----- SUPPLIED DATA

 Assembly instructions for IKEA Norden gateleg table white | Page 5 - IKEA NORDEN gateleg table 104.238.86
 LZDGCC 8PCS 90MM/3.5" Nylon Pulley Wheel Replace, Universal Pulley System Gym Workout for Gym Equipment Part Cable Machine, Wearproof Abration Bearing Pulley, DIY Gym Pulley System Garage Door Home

----------
----- SUPPLIED DATA

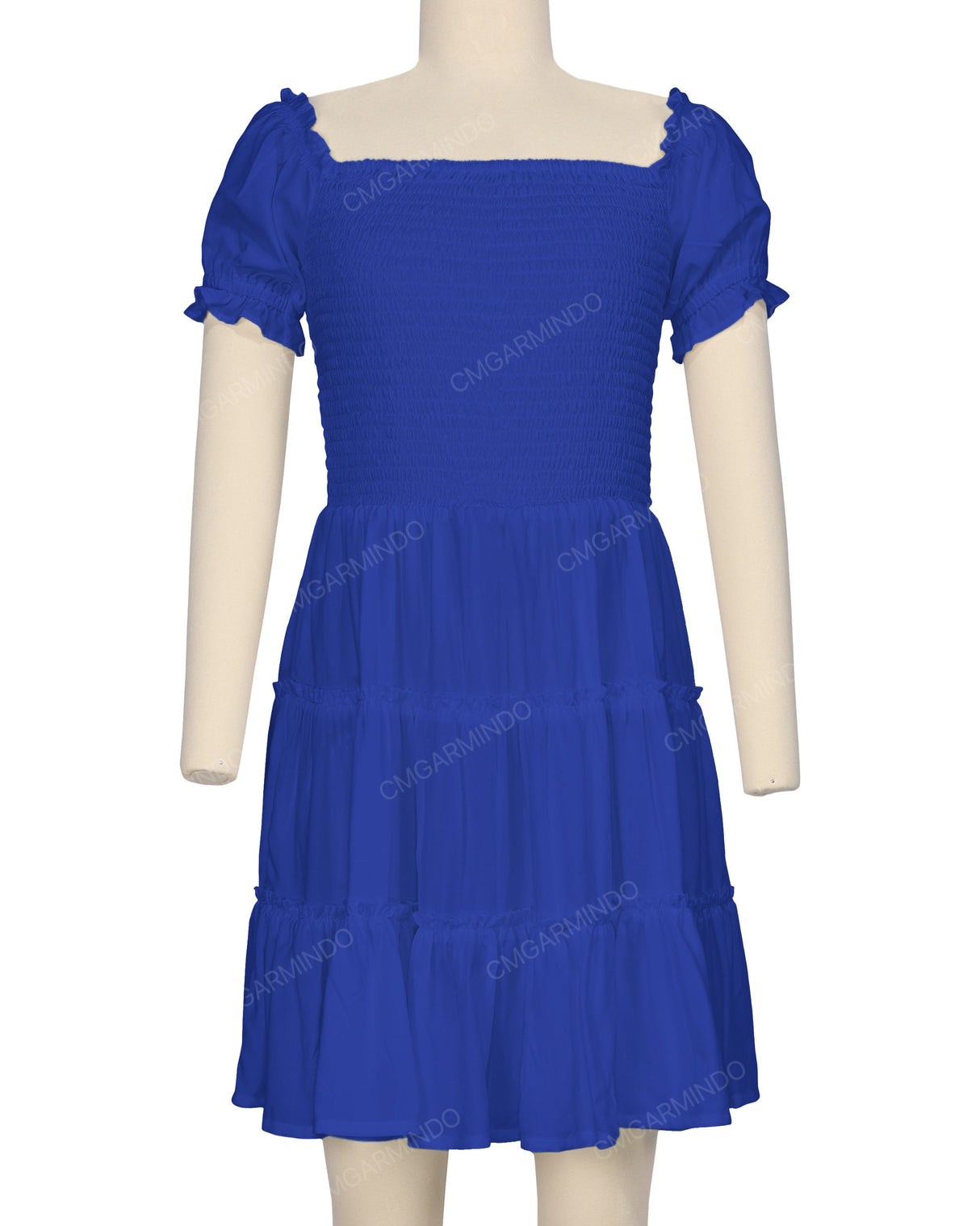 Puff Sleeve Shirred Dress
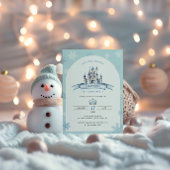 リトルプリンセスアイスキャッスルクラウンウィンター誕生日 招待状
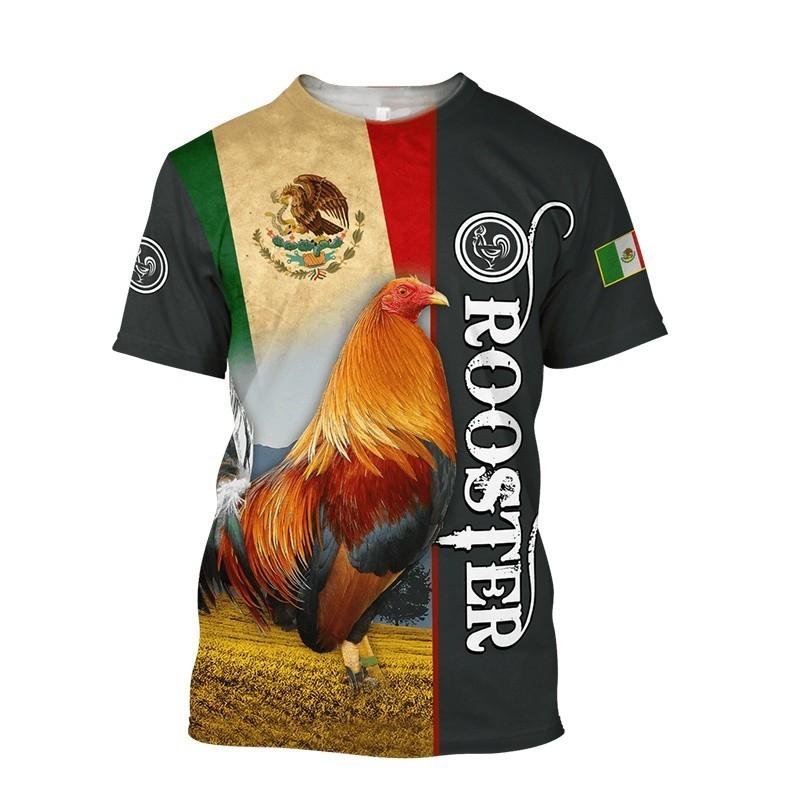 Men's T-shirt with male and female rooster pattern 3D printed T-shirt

----------
----- SUPPLIED DATA

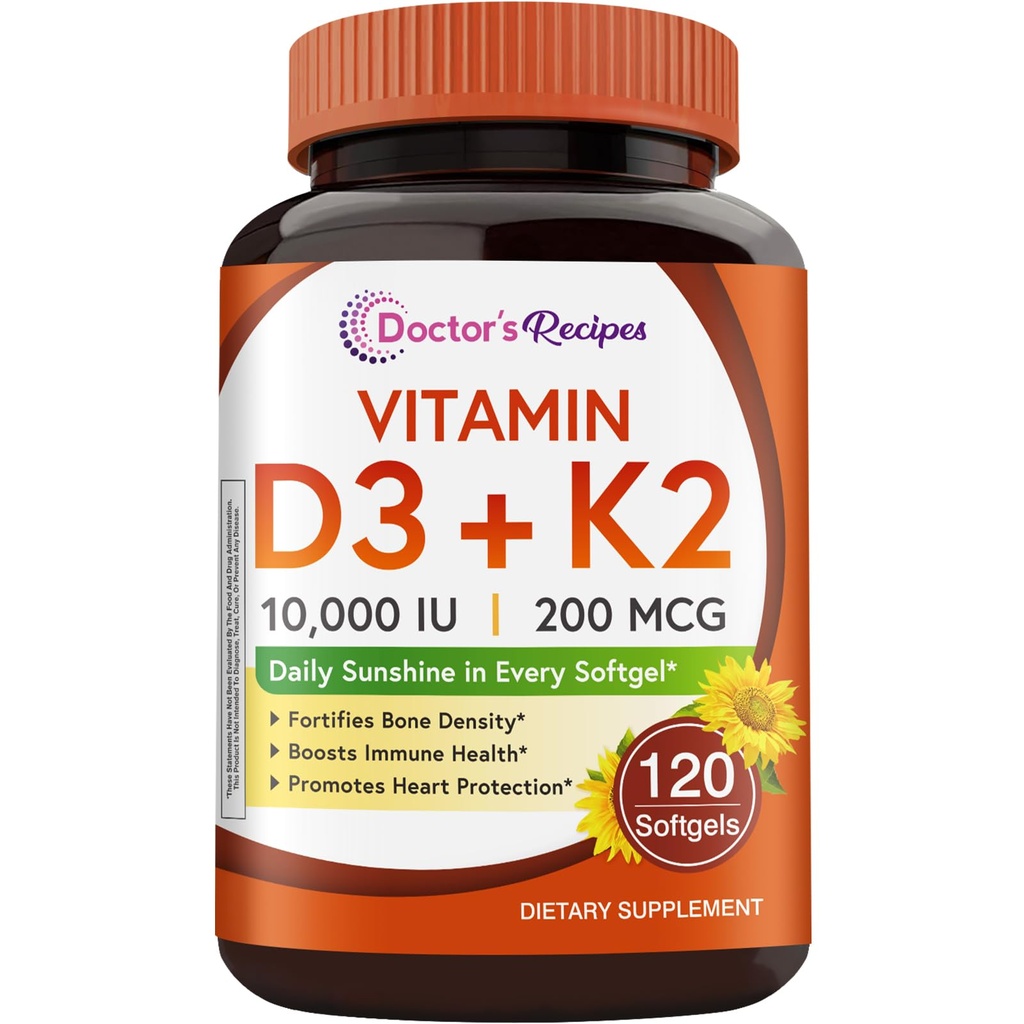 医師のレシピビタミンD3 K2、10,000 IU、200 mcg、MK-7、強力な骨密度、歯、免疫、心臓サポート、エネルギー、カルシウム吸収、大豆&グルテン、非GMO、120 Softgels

----------

Using the records above, set down exactly the lines from the one with "Assembly instructions for" through the one with "Garage Door Home", inclusive, and nothing more.

● EXERCISE OUTPUT
 Assembly instructions for IKEA Norden gateleg table white | Page 5 - IKEA NORDEN gateleg table 104.238.86
 LZDGCC 8PCS 90MM/3.5" Nylon Pulley Wheel Replace, Universal Pulley System Gym Workout for Gym Equipment Part Cable Machine, Wearproof Abration Bearing Pulley, DIY Gym Pulley System Garage Door Home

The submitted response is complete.